Esta descoberta surpreendente foi possível graças a um esforço conjunto nipo-europeu-americano Nave espacial XRISM (Missão de Imagens de Raios-X e Espectroscopia) pode mudar a nossa compreensão de como se formam buracos negros supermassivos com massas equivalentes a milhões ou milhares de milhões de Sóis e o papel que desempenham na formação de galáxias inteiras que os orbitam.
Todos os buracos negros são completamente escuros porque são limitados pelas chamadas regiões Limites do eventoUm ponto onde sua atração se torna tão forte que nem mesmo a luz consegue escapar de seu alcance. No entanto, o material que rodeia os buracos negros é sobreaquecido pela fricção criada pela imensa gravidade destes titãs cósmicos, fazendo com que brilhe intensamente e emita chamas poderosas.
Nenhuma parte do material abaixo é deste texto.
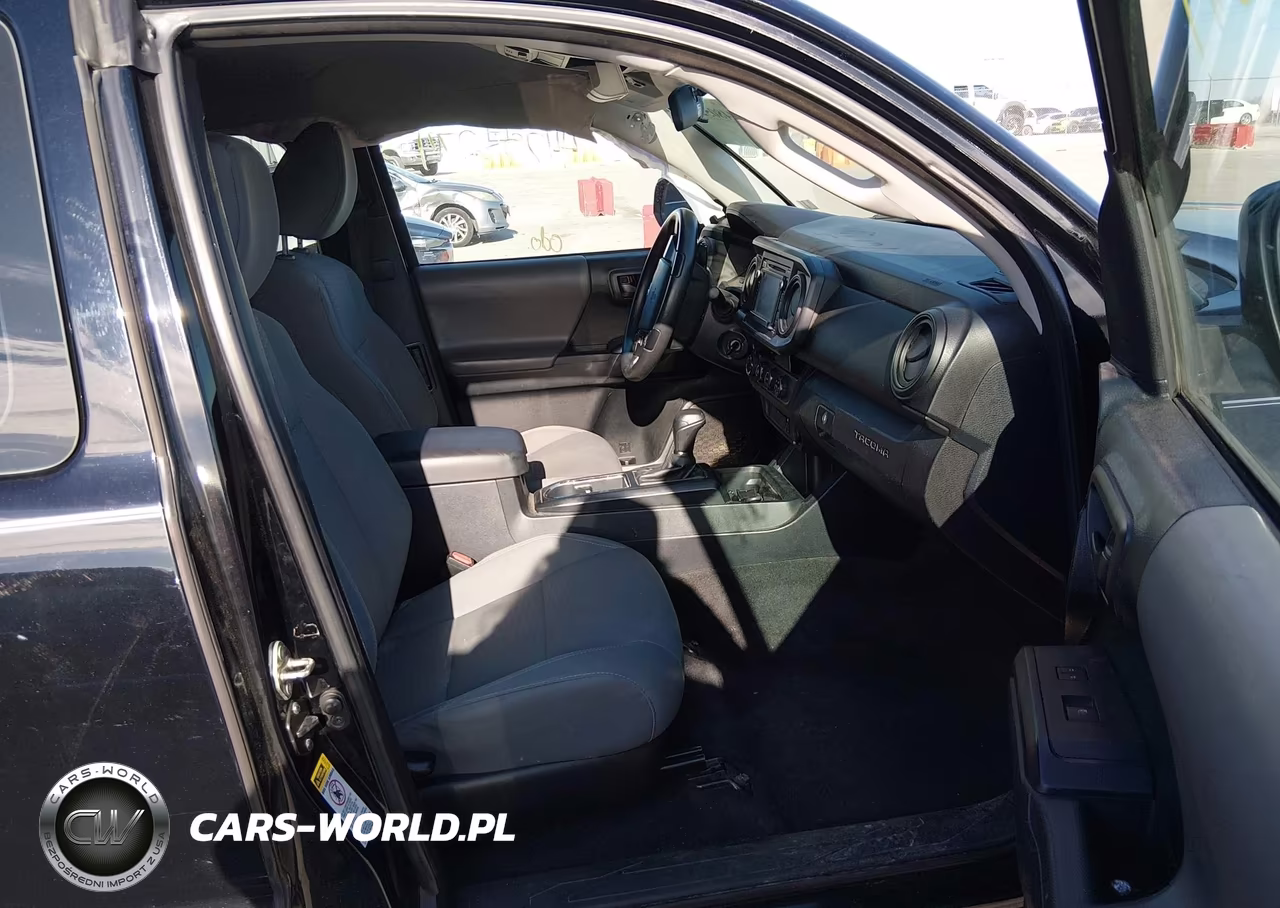 2016 Toyota Tacoma Sr VIN:5TFSX5EN0GX047052 - 5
Sgr A*, que tem massa equivalente a 4 milhões de sóis, não parece ter produzido tal emissão.
Ou pelo menos não foi até agora.
DiKerby e colegas descobriram a história turbulenta do buraco negro quando apontaram o XRISM para uma nuvem gigante de gás chamada nuvem molecular perto do centro da nossa galáxia e estudaram detalhadamente os raios X que ele emite. Isto revelou que a nuvem molecular atua como um espelho cósmico, refletindo os raios X anteriormente emitidos pelas explosões de Sgr A*.
A sensibilidade do XRISM, lançada em 2023, permitiu à equipa medir as energias e padrões das emissões de raios X com uma precisão impressionante, revelando o movimento da nuvem e testando explicações alternativas para o brilho dos raios X da nuvem. Isso descartou os raios cósmicos como causa desse eco de raios X.
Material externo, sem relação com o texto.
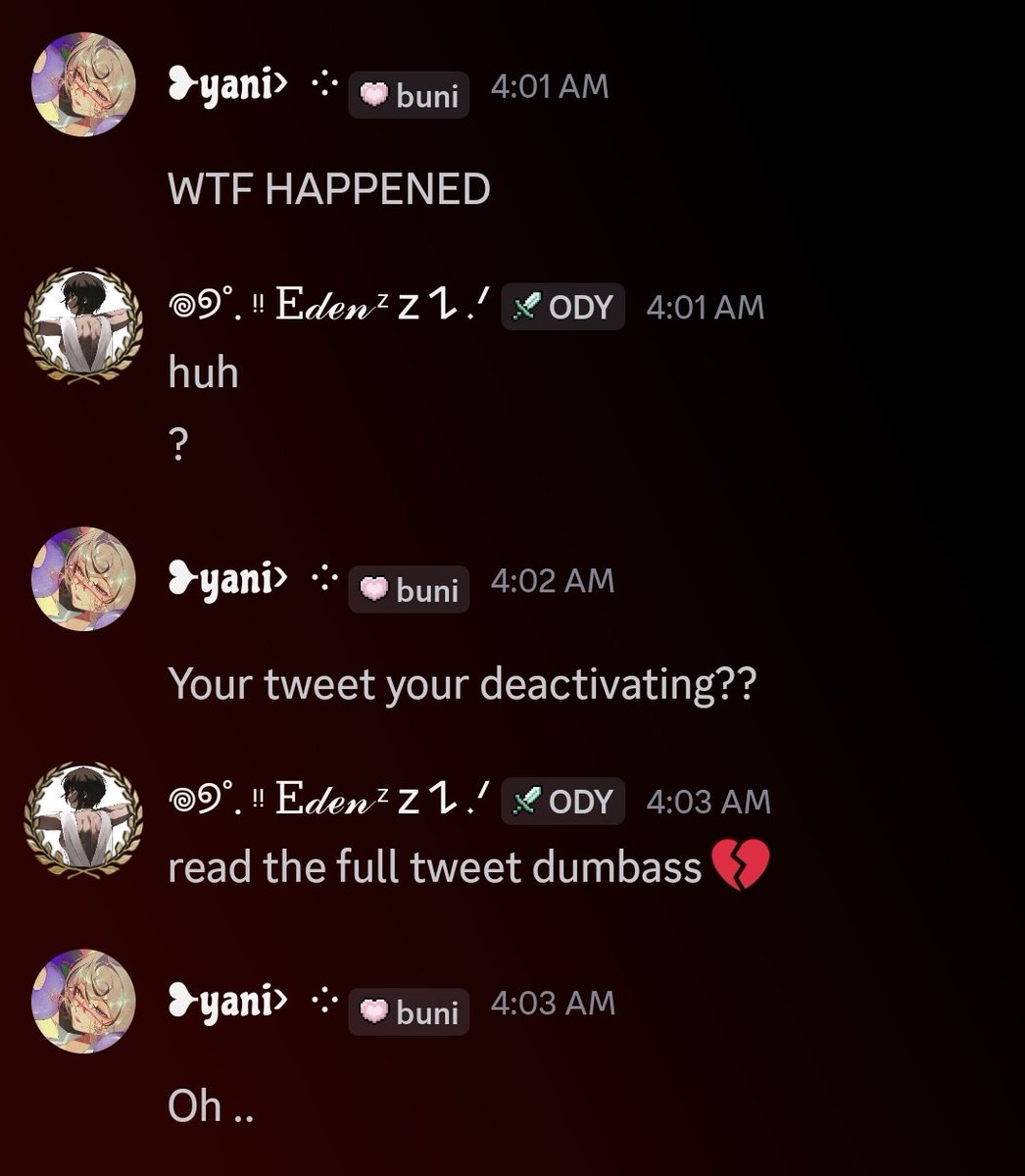 ℐshmael - S͌I͌N͌N͌E͌R͌: №08 » tweet media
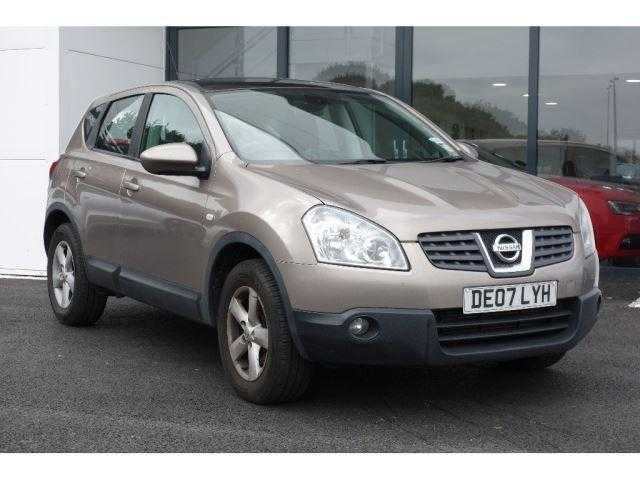 Nissan Qashqai 2007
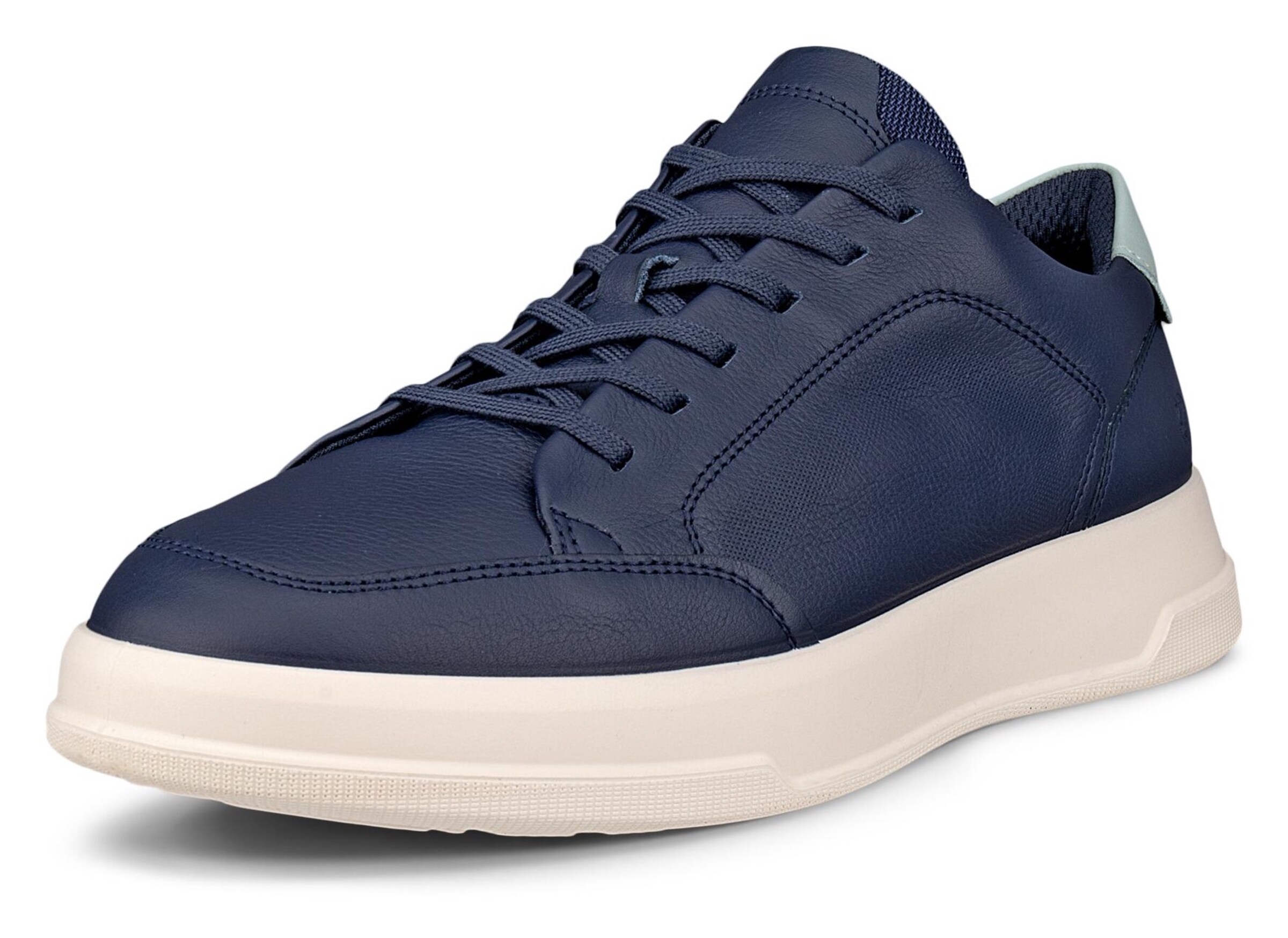 ECCO - Zapatillas deportivas bajas 'Move' en azul: frente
As descobertas da equipe também revelam que o XRISM é adequado para um estudo conjunto da NASA em alta resolução do universo. Agência de Exploração Aeroespacial do Japão (JAXA), e Agência Espacial Europeia (ESA) poderá descobrir a história oculta do universo.
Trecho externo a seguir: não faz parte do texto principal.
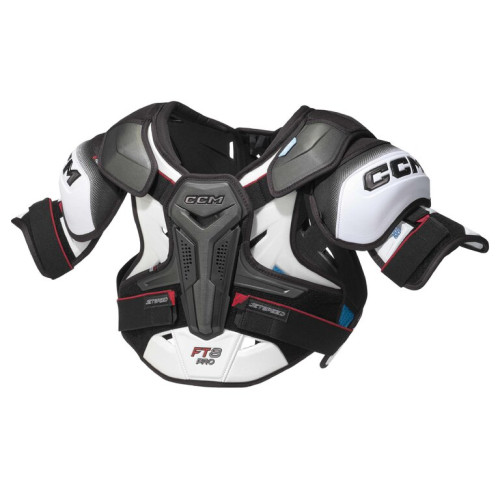 НАГРУДНИК CCM JS FT8 PRO JR M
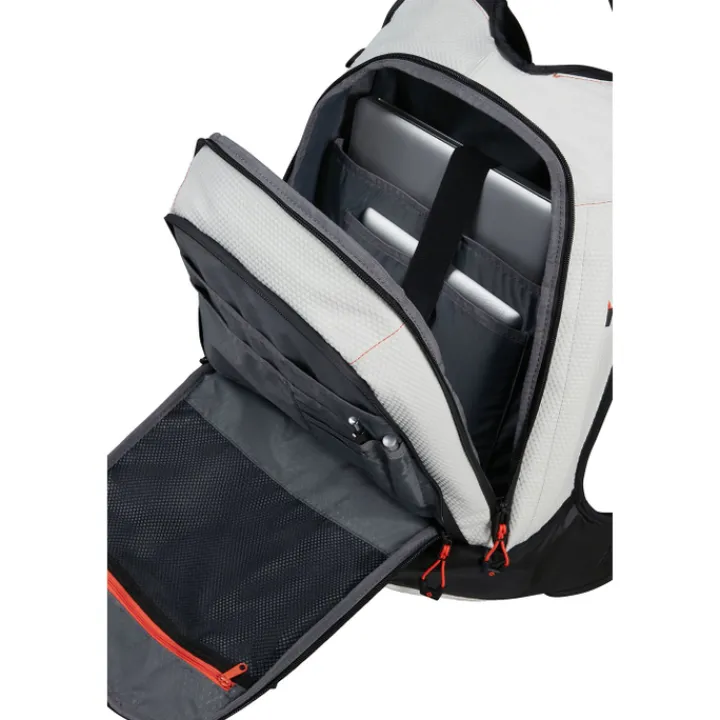 Heren Rugzakken|Dames Rugzakken>Samsonite Ecodiver Laptop Backpack L cloud white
“Somos os cientistas sortudos que estão resolvendo os problemas de manipulação desses dados desta forma totalmente nova”, concluiu DeKerby. “Uma das minhas coisas favoritas em ser astrônomo é perceber que sou a primeira pessoa a ver esta parte do céu assim.”
A pesquisa da equipe foi aceita para publicação no The Astrophysical Journal Letters.